Aim of the task:
Restate every record that follows, keeping it exact.

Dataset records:
_____

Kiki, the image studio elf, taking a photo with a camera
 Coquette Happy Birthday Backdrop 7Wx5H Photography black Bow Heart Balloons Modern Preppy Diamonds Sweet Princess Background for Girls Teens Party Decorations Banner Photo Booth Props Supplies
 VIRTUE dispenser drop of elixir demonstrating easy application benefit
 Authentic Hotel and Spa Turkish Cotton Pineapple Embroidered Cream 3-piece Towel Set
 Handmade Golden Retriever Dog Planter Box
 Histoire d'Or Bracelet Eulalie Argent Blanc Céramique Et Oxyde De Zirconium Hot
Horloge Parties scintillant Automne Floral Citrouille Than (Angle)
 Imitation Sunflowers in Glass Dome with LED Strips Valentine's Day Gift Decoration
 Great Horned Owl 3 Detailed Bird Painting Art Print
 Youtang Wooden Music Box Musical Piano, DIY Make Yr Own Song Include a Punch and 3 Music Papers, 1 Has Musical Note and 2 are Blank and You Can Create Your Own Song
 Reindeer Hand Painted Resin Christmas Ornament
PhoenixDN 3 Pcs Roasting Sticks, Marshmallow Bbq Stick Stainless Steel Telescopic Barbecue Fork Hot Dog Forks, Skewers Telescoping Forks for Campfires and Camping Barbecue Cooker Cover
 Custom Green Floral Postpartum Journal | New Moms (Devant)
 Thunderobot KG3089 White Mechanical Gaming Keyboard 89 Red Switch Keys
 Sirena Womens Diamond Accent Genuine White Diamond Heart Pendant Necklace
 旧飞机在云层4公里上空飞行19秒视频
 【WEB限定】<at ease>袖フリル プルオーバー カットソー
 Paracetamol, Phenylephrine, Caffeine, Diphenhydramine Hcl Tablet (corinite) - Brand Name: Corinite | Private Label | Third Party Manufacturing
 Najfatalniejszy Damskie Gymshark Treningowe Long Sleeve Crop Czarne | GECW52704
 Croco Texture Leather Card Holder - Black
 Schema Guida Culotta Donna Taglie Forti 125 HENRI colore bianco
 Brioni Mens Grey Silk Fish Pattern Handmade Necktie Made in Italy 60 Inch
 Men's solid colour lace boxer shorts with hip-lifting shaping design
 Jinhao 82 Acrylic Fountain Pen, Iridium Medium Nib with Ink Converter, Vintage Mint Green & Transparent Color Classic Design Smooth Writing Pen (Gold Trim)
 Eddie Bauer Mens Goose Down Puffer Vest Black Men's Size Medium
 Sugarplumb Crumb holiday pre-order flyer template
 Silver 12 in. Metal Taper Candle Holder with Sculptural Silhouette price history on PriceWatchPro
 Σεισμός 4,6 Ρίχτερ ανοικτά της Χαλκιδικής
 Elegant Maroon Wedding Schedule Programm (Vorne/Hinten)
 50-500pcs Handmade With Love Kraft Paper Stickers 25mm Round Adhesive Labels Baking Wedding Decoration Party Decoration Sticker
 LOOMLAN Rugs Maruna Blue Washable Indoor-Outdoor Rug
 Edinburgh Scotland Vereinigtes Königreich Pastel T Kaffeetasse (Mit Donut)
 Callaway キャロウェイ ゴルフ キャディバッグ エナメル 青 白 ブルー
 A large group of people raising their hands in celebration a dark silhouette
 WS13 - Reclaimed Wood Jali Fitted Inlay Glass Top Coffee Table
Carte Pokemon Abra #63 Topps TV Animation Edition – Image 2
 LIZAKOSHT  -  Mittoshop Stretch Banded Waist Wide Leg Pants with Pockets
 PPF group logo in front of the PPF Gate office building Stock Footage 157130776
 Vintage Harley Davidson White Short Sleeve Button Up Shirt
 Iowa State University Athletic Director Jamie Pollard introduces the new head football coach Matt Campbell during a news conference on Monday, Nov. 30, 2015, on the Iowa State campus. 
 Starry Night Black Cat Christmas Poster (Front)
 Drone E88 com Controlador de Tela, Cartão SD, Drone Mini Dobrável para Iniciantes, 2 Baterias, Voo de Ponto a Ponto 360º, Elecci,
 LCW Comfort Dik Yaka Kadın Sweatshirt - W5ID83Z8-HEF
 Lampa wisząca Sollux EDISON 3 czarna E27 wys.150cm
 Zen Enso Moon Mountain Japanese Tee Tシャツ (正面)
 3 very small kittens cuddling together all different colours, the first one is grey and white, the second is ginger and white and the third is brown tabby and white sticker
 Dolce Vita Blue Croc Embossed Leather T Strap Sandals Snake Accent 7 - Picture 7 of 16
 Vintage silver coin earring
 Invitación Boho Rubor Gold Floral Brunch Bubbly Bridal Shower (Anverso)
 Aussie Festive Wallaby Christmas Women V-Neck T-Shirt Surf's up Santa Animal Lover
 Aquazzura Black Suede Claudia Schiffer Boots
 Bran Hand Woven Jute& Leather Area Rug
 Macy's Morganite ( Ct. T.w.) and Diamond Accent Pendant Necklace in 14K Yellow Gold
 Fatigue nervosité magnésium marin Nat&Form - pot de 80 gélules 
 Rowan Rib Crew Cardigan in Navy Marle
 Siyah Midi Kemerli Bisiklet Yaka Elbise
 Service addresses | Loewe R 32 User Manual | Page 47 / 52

_____

Answer box:
Kiki, the image studio elf, taking a photo with a camera
 Coquette Happy Birthday Backdrop 7Wx5H Photography black Bow Heart Balloons Modern Preppy Diamonds Sweet Princess Background for Girls Teens Party Decorations Banner Photo Booth Props Supplies
 VIRTUE dispenser drop of elixir demonstrating easy application benefit
 Authentic Hotel and Spa Turkish Cotton Pineapple Embroidered Cream 3-piece Towel Set
 Handmade Golden Retriever Dog Planter Box
 Histoire d'Or Bracelet Eulalie Argent Blanc Céramique Et Oxyde De Zirconium Hot
Horloge Parties scintillant Automne Floral Citrouille Than (Angle)
 Imitation Sunflowers in Glass Dome with LED Strips Valentine's Day Gift Decoration
 Great Horned Owl 3 Detailed Bird Painting Art Print
 Youtang Wooden Music Box Musical Piano, DIY Make Yr Own Song Include a Punch and 3 Music Papers, 1 Has Musical Note and 2 are Blank and You Can Create Your Own Song
 Reindeer Hand Painted Resin Christmas Ornament
PhoenixDN 3 Pcs Roasting Sticks, Marshmallow Bbq Stick Stainless Steel Telescopic Barbecue Fork Hot Dog Forks, Skewers Telescoping Forks for Campfires and Camping Barbecue Cooker Cover
 Custom Green Floral Postpartum Journal | New Moms (Devant)
 Thunderobot KG3089 White Mechanical Gaming Keyboard 89 Red Switch Keys
 Sirena Womens Diamond Accent Genuine White Diamond Heart Pendant Necklace
 旧飞机在云层4公里上空飞行19秒视频
 【WEB限定】<at ease>袖フリル プルオーバー カットソー
 Paracetamol, Phenylephrine, Caffeine, Diphenhydramine Hcl Tablet (corinite) - Brand Name: Corinite | Private Label | Third Party Manufacturing
 Najfatalniejszy Damskie Gymshark Treningowe Long Sleeve Crop Czarne | GECW52704
 Croco Texture Leather Card Holder - Black
 Schema Guida Culotta Donna Taglie Forti 125 HENRI colore bianco
 Brioni Mens Grey Silk Fish Pattern Handmade Necktie Made in Italy 60 Inch
 Men's solid colour lace boxer shorts with hip-lifting shaping design
 Jinhao 82 Acrylic Fountain Pen, Iridium Medium Nib with Ink Converter, Vintage Mint Green & Transparent Color Classic Design Smooth Writing Pen (Gold Trim)
 Eddie Bauer Mens Goose Down Puffer Vest Black Men's Size Medium
 Sugarplumb Crumb holiday pre-order flyer template
 Silver 12 in. Metal Taper Candle Holder with Sculptural Silhouette price history on PriceWatchPro
 Σεισμός 4,6 Ρίχτερ ανοικτά της Χαλκιδικής
 Elegant Maroon Wedding Schedule Programm (Vorne/Hinten)
 50-500pcs Handmade With Love Kraft Paper Stickers 25mm Round Adhesive Labels Baking Wedding Decoration Party Decoration Sticker
 LOOMLAN Rugs Maruna Blue Washable Indoor-Outdoor Rug
 Edinburgh Scotland Vereinigtes Königreich Pastel T Kaffeetasse (Mit Donut)
 Callaway キャロウェイ ゴルフ キャディバッグ エナメル 青 白 ブルー
 A large group of people raising their hands in celebration a dark silhouette
 WS13 - Reclaimed Wood Jali Fitted Inlay Glass Top Coffee Table
Carte Pokemon Abra #63 Topps TV Animation Edition – Image 2
 LIZAKOSHT  -  Mittoshop Stretch Banded Waist Wide Leg Pants with Pockets
 PPF group logo in front of the PPF Gate office building Stock Footage 157130776
 Vintage Harley Davidson White Short Sleeve Button Up Shirt
 Iowa State University Athletic Director Jamie Pollard introduces the new head football coach Matt Campbell during a news conference on Monday, Nov. 30, 2015, on the Iowa State campus. 
 Starry Night Black Cat Christmas Poster (Front)
 Drone E88 com Controlador de Tela, Cartão SD, Drone Mini Dobrável para Iniciantes, 2 Baterias, Voo de Ponto a Ponto 360º, Elecci,
 LCW Comfort Dik Yaka Kadın Sweatshirt - W5ID83Z8-HEF
 Lampa wisząca Sollux EDISON 3 czarna E27 wys.150cm
 Zen Enso Moon Mountain Japanese Tee Tシャツ (正面)
 3 very small kittens cuddling together all different colours, the first one is grey and white, the second is ginger and white and the third is brown tabby and white sticker
 Dolce Vita Blue Croc Embossed Leather T Strap Sandals Snake Accent 7 - Picture 7 of 16
 Vintage silver coin earring
 Invitación Boho Rubor Gold Floral Brunch Bubbly Bridal Shower (Anverso)
 Aussie Festive Wallaby Christmas Women V-Neck T-Shirt Surf's up Santa Animal Lover
 Aquazzura Black Suede Claudia Schiffer Boots
 Bran Hand Woven Jute& Leather Area Rug
 Macy's Morganite ( Ct. T.w.) and Diamond Accent Pendant Necklace in 14K Yellow Gold
 Fatigue nervosité magnésium marin Nat&Form - pot de 80 gélules 
 Rowan Rib Crew Cardigan in Navy Marle
 Siyah Midi Kemerli Bisiklet Yaka Elbise
 Service addresses | Loewe R 32 User Manual | Page 47 / 52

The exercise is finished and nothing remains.